While trying to re-partition a dataframe from S3, I am getting a generic error:
Caused by: org.apache.spark.SparkException: Job aborted due to stage failure: Task 33 in stage 1.0 failed 4 times, most recent failure: Lost task 33.4 in stage 1.0 (TID 88, 172.44.16.141, executor 7): ExecutorLostFailure (executor 7 exited caused by one of the running tasks) Reason: worker lost
When I check the driver logs, I see the same generic error after a warning:
20/07/22 15:47:21 WARN SharedInMemoryCache: Evicting cached table partition metadata from memory due to size constraints (spark.sql.hive.filesourcePartitionFileCacheSize = 262144000 bytes). This may impact query planning performance.

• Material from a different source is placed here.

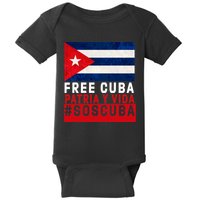 SOS Cuba Cuba Flag Cuban Fist Free Cuba Libre 2021 Cuban  Baby Bodysuit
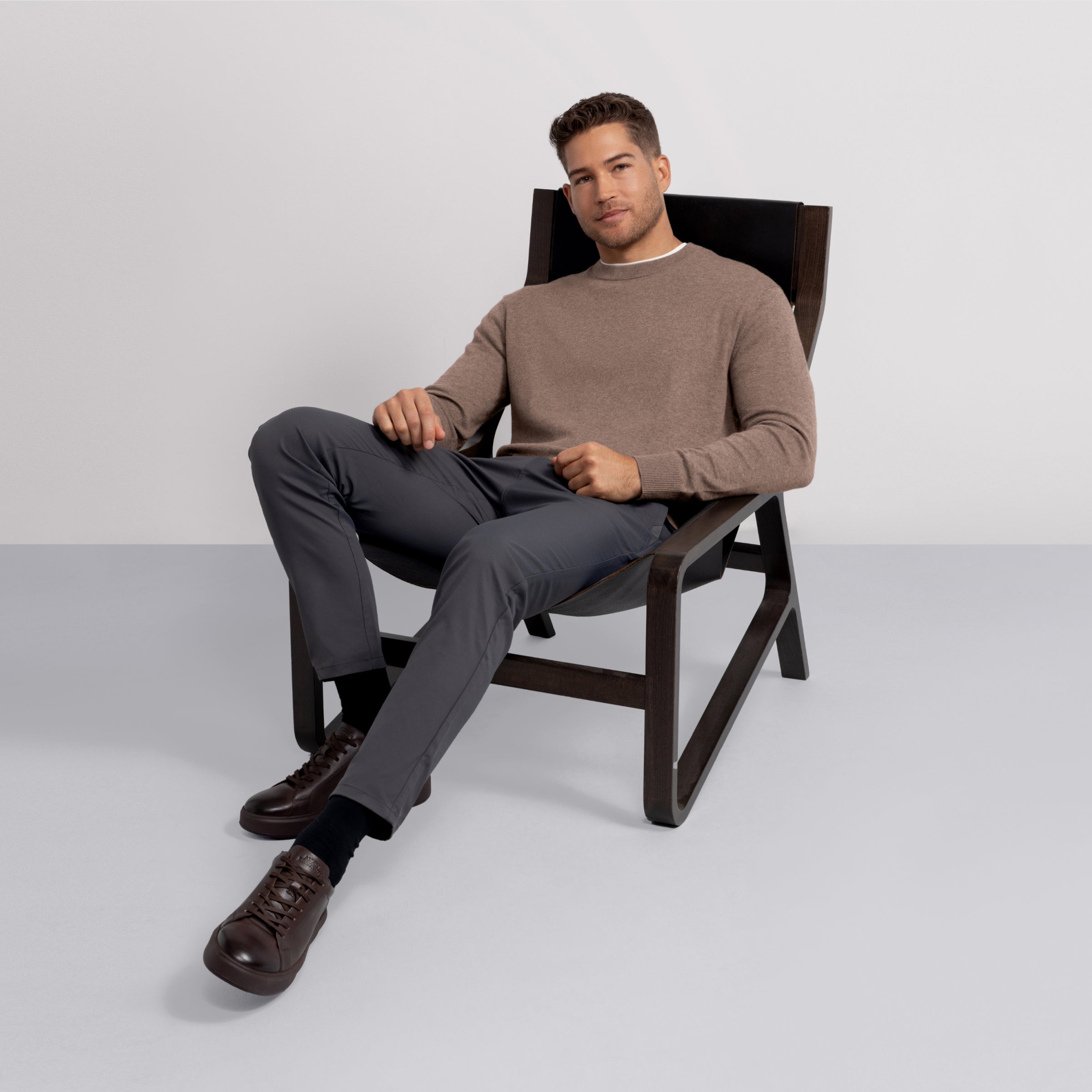 Men's Mocha Heather Crewneck Sweater | Anytime | Jack Archer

I am unable to understand why I am facing this warning even though I have tuned the Spark rationally.
I read about this warning here.
My Spark configs are:
Workers (8)
Worker Id Address State Cores Memory
worker id add ALIVE 2 (2 Used) 502.1 GB (27.0 GB Used)
worker id add ALIVE 2 (2 Used) 61.8 GB (27.0 GB Used)
worker id add ALIVE 2 (2 Used) 61.8 GB (27.0 GB Used)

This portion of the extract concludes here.